No use talking on here, (not with the low traffic especially) better write a letter to NHS direct or Jeremy Hunt....................don't email for heavens sake.

If it's not accessible by the public then it's binned. Here it's Googled, permanent and visible.

Apparently they ignored details of a security tool a month ago. Not sure how true this is the link is from the Sun

NHS bosses admit security tool was sent around to Trusts in April - but it wasn't acted upon

https://www.thesun.co.uk/news/3560704/n ... -software/

I think a large part of the problem is a lot of managers see software as just another piece of equipment or machinery that having bought it it is used till it falls apart and just can't grasp that you need to keep it up to date and sometimes replace it altogether.

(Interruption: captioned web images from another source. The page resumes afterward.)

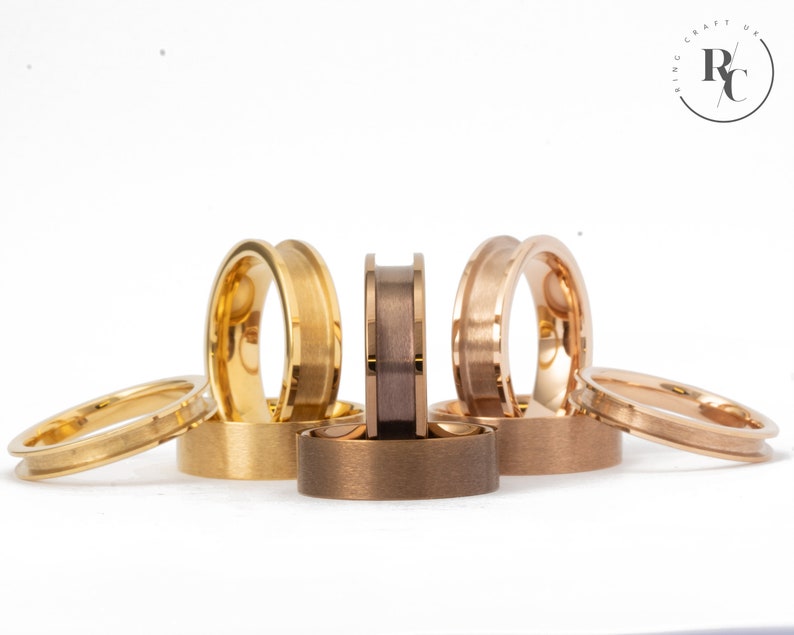 May include: A set of six wedding bands in different colours, including gold, rose gold, and a darker metal. The bands are all polished and have a bevelled edge.
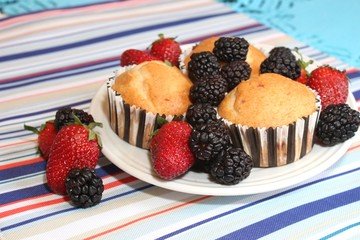 Fresh baked muffins with blueberries and strawberries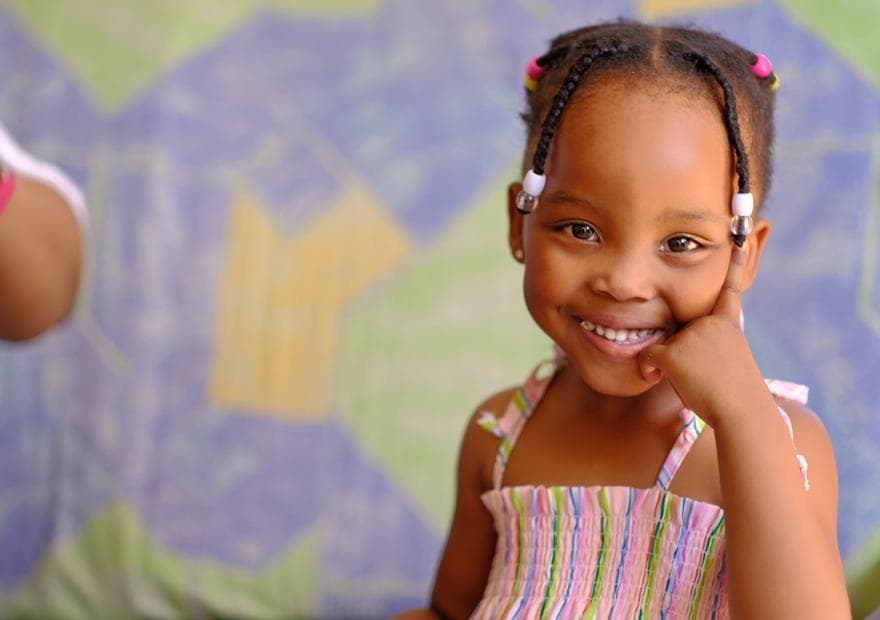 A child with a plaster and a sticker after a jab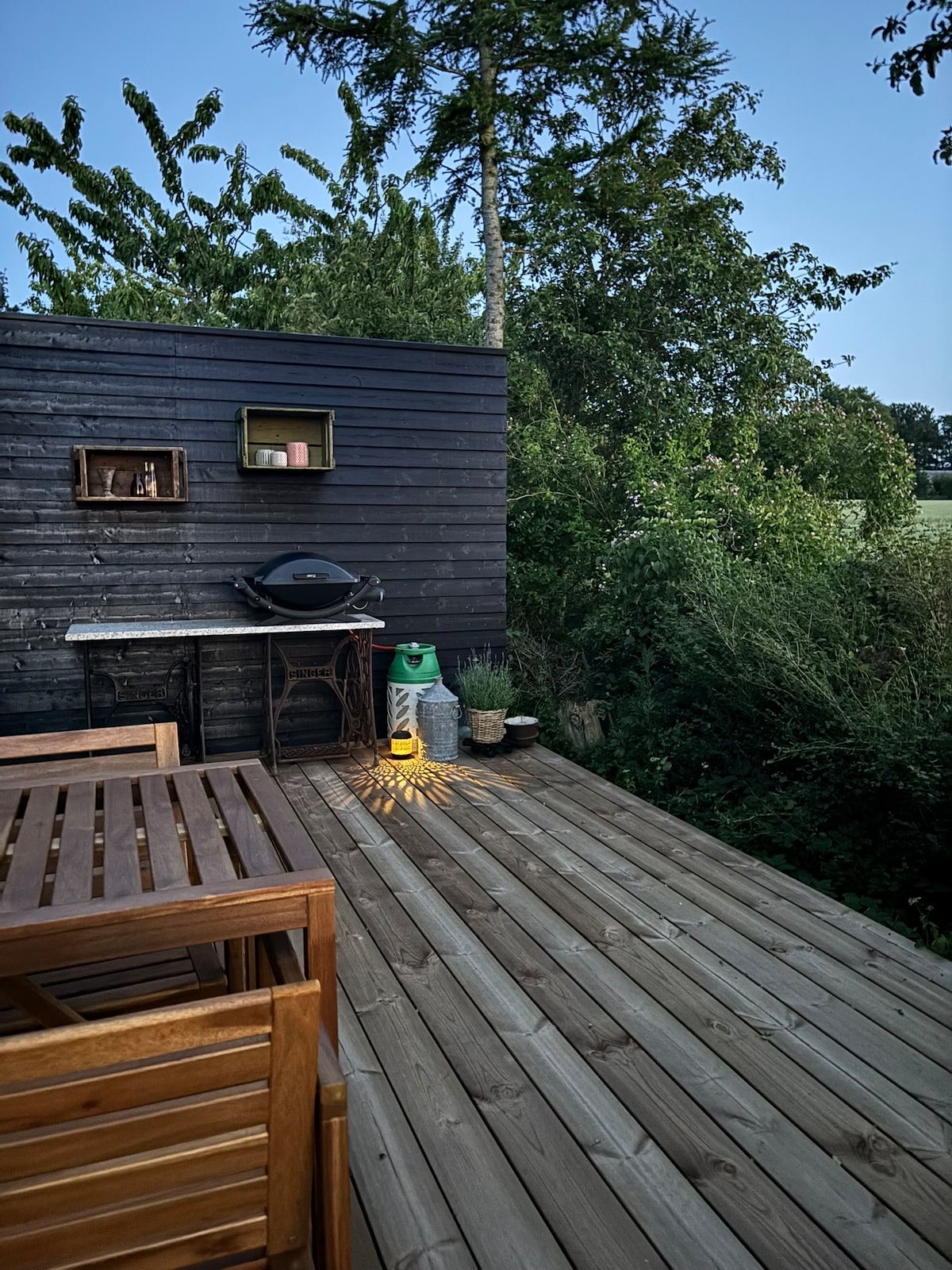 A wooden terrace is shown with a seating area made from natural wood. A small outdoor kitchen setup includes a grill and storage. Lush greenery surrounds the space, creating a serene environment. Soft lighting highlights the area, contributing to a cozy atmosphere.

I worked for one firm and was trying to persuade them to start scanning documents at a point when they were hiring storage space to keep files. First off they couldn't grasp that they didn't have to scan all the old documents first but just stop adding to what they had. The clincher (I left shortly after) was the sarcastic comment at a management meeting that having it on the computer all very well but you also need a hard copy at times. As I politely pointed out that if you need a hard copy you just tell the computer to print the document.

Intelligent people can have remarkably little common sense I suspect a lot of companies just see IT as an expense and don't appreciate the value.

We are at a time of technological change that is barely grasps by most people. I.T. is like voodo or magic to many.

It really is frightening how these machines we rely on so much can randomly breakdown.

And the reliance on a single company supplying most of the software is horrifying.

I'd have to agree with Spot. We have such a tough firewall, that almost zero scams, malware, and phising attacks get through. There are good programs out there for your company and a little training of the employees will do the rest. If you get frozen, it's IT's fault.

Data should be handled with the same mentality medical people use to fight germs.

The Email server should be completely separate from any systems containing vital data. No secure data should be able to be compiled and sent via email. and no data received via email should be able to be added to the secured database by electronic means without a proper scrubbing.

I agree with Spot. No organization doing mission-critical work should rely on the users for systems admin tasks. Management needs to provide the budget and staff to go with centralized IT management of every system on the network. The tools are available, management needs to make it policy. It is easy enough to set up automatic system security audits and upgrades of the workstations. If they want to improve security even more, restrict the use of the network for personal devices or at least require a quick security audit of the device before it can use the network.

Bruv;1509149 wrote: We are at a time of technological change that is barely grasps by most people. I.T. is like voodo or magic to many.

It really is frightening how these machines we rely on so much can randomly breakdown.

And the reliance on a single company supplying most of the software is horrifying.


I can empathise with people who find technological change difficult to grasp but I've got little sympathy for those who choose not to learn what they need to know - I'm in my sixties and when I hear someone the same age or close to it come out with the hackneyed phrase I can't cope with all thise new technology I am always tempted to turn round and ask if they are stupid or just lazy. Even something as simple as a gps I know people who disparage those who use one unable as they are tro grasp that it is an aid to navigation - By the same token I know plewnty who cannot read or understand a map to me both are everyday life skills even the humble van driver needs to be able to use a hand held computer and bar code scanner it's a case of learn or become unemplyed..

OK I don't use facebook or twitter because I have no interest in doing so but if I wanted to I could.

But to be fair gmc.....you do struggle with keyboards.

Bruv;1509314 wrote: But to be fair gmc.....you do struggle with keyboards.


:yh_rotfl I struggle with typing properly but I don't blame the keyboard.